What is expected:
Nothing should appear in the answer except the lines below from the line containing "2024 Nissan Frontier S" through the line containing "Zeiss Lens Wipes", copied exactly, with pictures left out.

Information supplied:
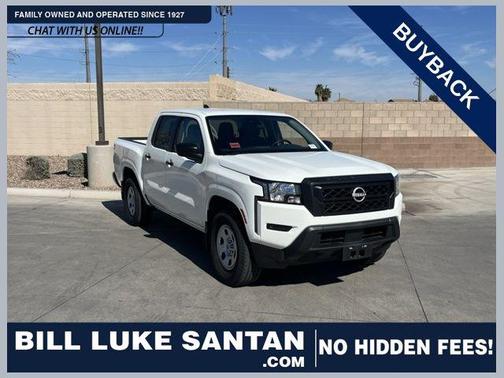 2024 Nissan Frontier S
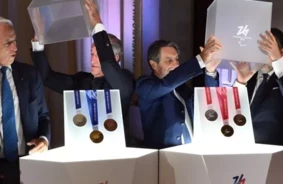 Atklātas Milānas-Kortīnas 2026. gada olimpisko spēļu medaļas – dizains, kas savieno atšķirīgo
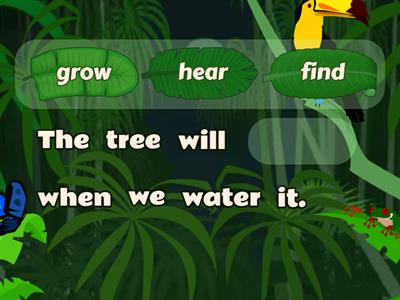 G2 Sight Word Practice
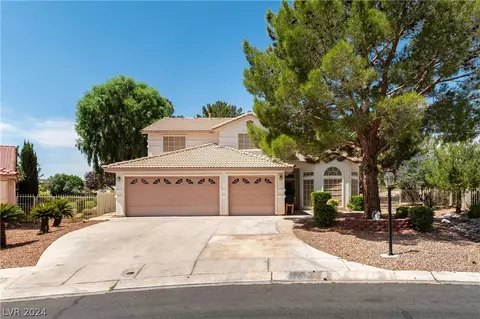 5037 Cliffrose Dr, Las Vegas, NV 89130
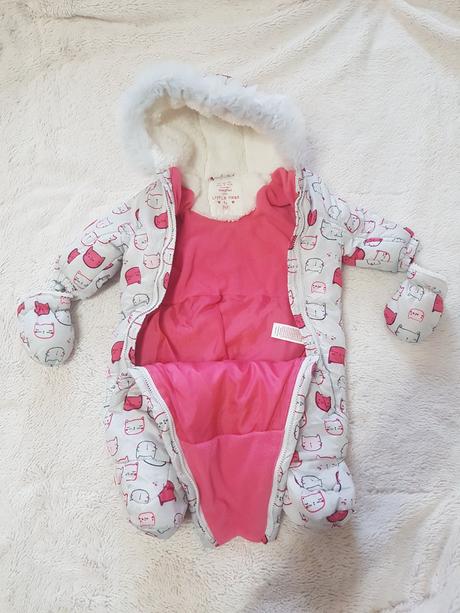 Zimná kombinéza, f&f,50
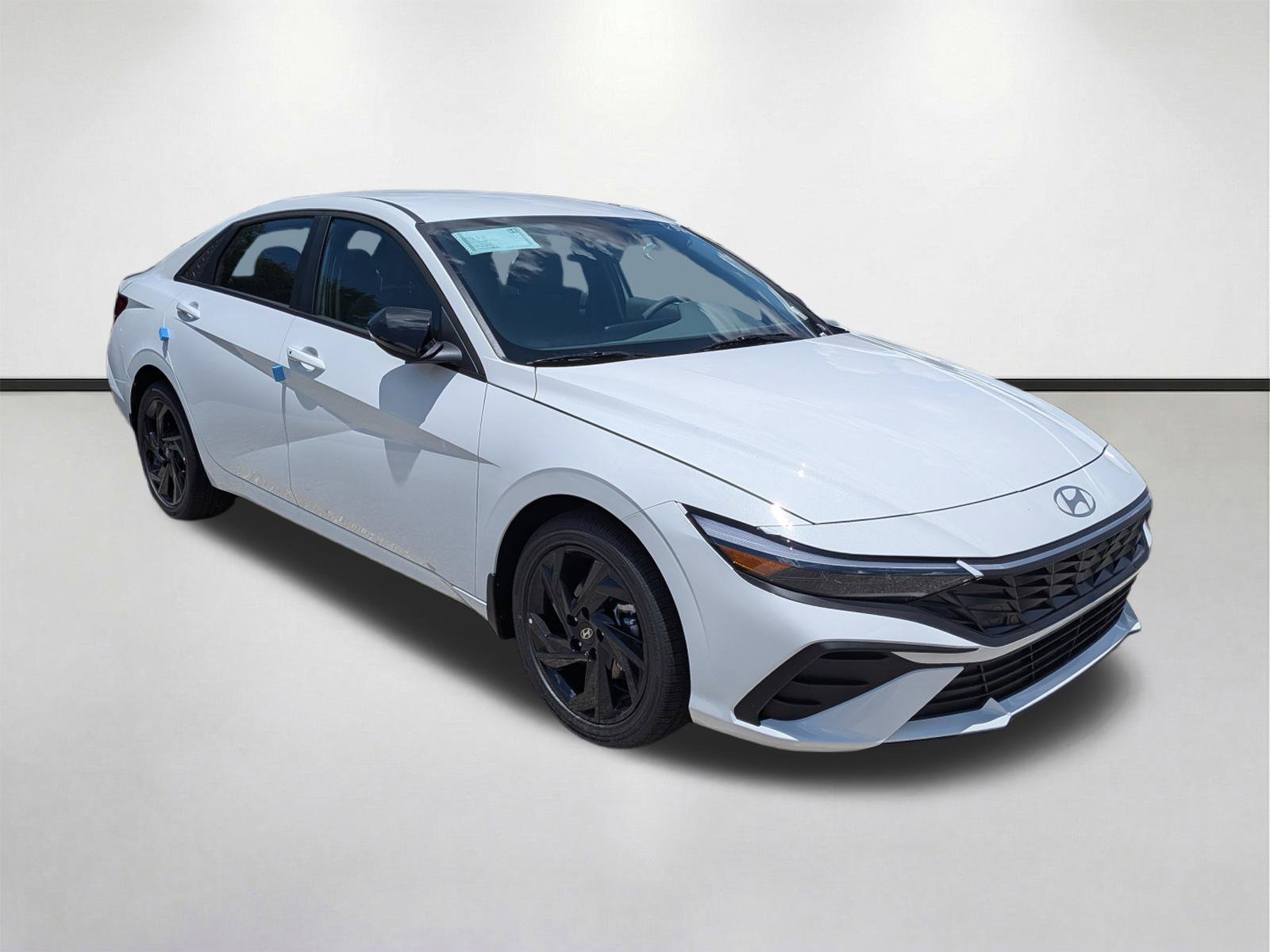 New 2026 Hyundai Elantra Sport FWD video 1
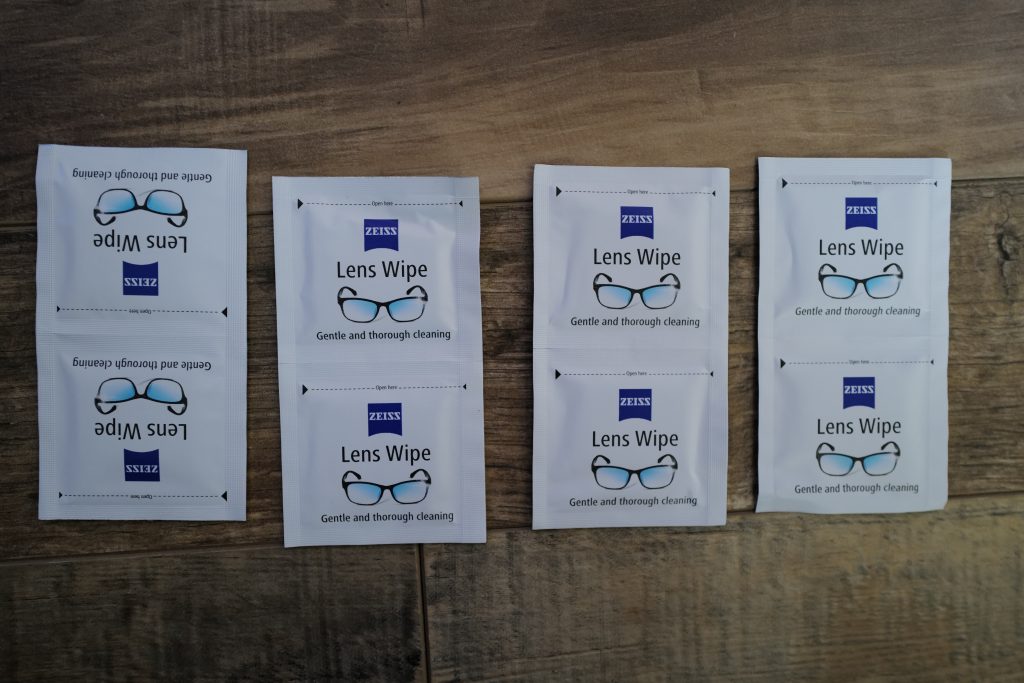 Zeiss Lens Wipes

--

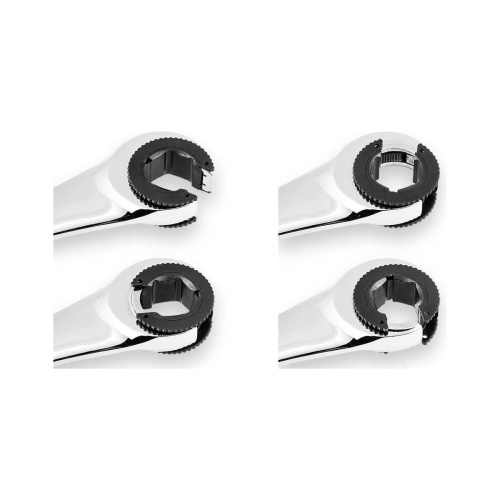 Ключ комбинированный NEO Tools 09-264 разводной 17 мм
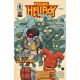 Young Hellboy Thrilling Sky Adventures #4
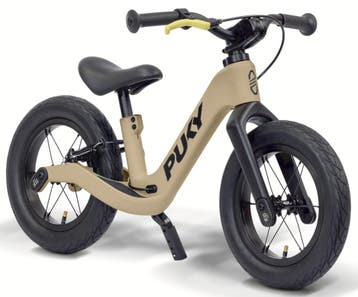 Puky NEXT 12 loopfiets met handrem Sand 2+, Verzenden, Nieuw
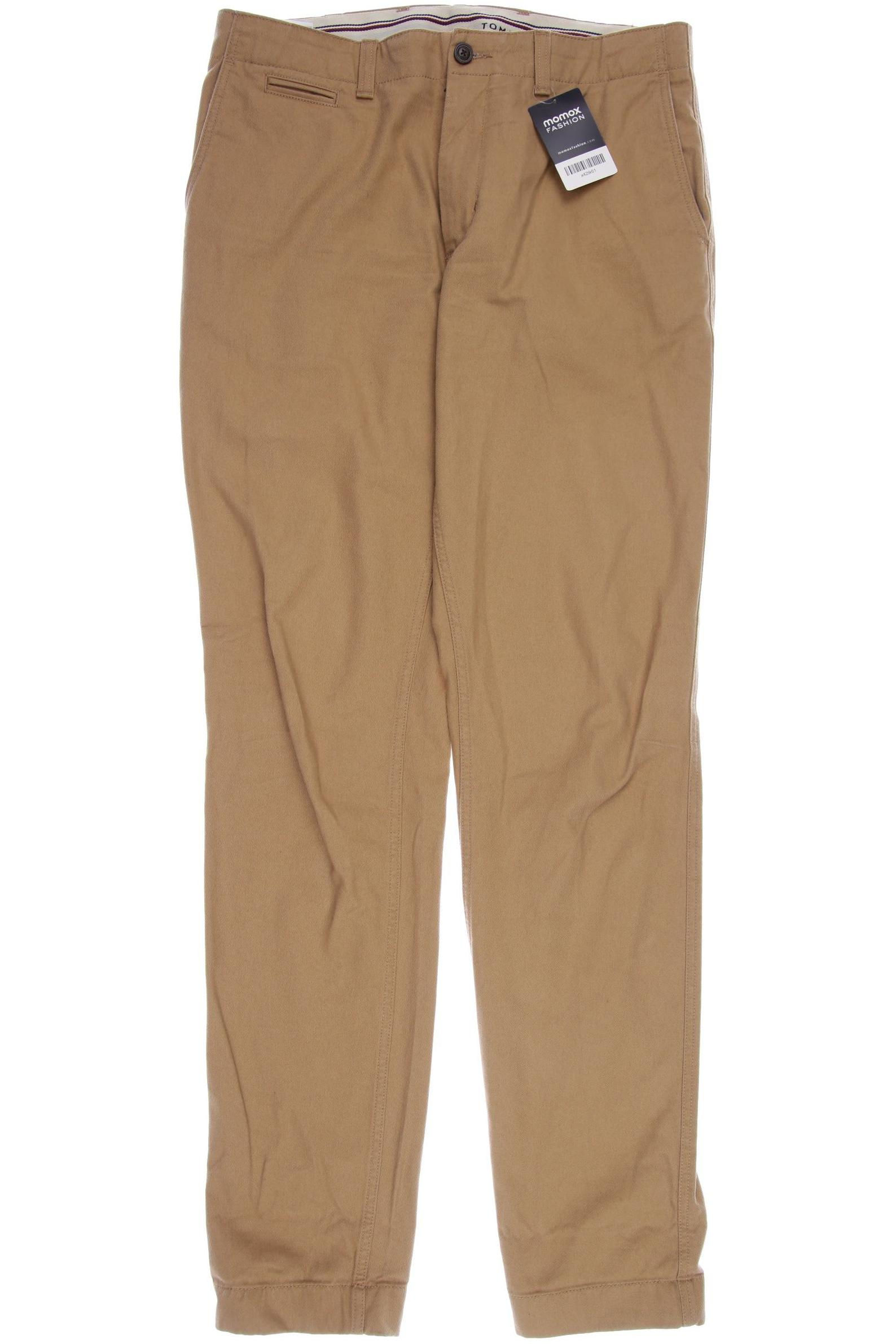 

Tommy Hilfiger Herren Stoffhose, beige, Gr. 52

--

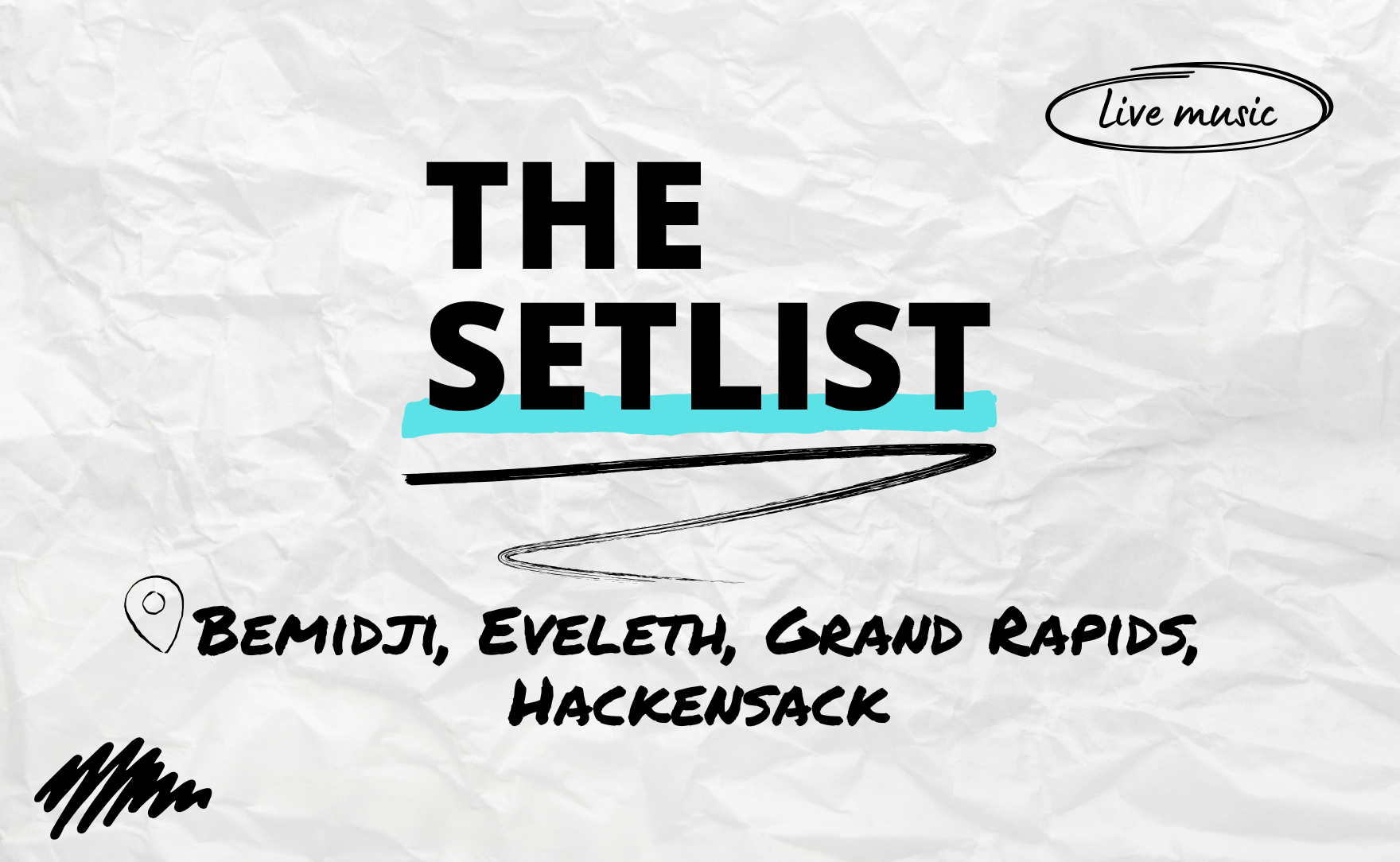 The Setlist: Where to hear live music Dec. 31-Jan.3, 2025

Task solution:
 2024 Nissan Frontier S
 Atklātas Milānas-Kortīnas 2026. gada olimpisko spēļu medaļas – dizains, kas savieno atšķirīgo
 G2 Sight Word Practice
 5037 Cliffrose Dr, Las Vegas, NV 89130
 Zimná kombinéza, f&f,50
 New 2026 Hyundai Elantra Sport FWD video 1
 Zeiss Lens Wipes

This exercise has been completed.